Looking through the entries, count each line where the string "which" occurs, and write only the total.

Raw data –
##########

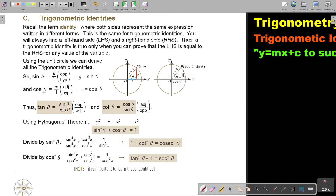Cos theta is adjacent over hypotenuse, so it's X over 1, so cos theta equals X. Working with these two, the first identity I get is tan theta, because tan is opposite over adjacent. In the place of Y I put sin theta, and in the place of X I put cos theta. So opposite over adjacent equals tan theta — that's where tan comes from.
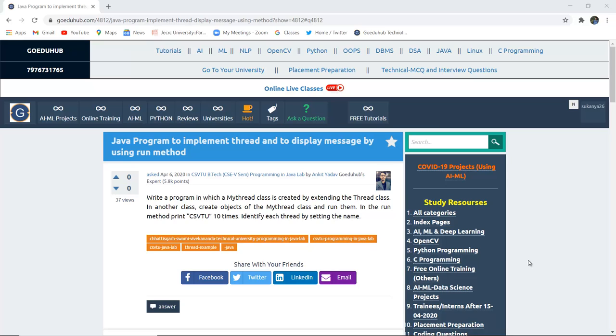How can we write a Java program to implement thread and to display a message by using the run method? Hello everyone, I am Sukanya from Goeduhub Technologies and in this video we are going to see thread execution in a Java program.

##########

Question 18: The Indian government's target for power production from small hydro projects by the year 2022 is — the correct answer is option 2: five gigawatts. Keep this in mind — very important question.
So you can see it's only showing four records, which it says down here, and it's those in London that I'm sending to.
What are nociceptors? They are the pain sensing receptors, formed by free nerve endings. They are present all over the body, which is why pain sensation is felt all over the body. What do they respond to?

##########

Completed exercise – 2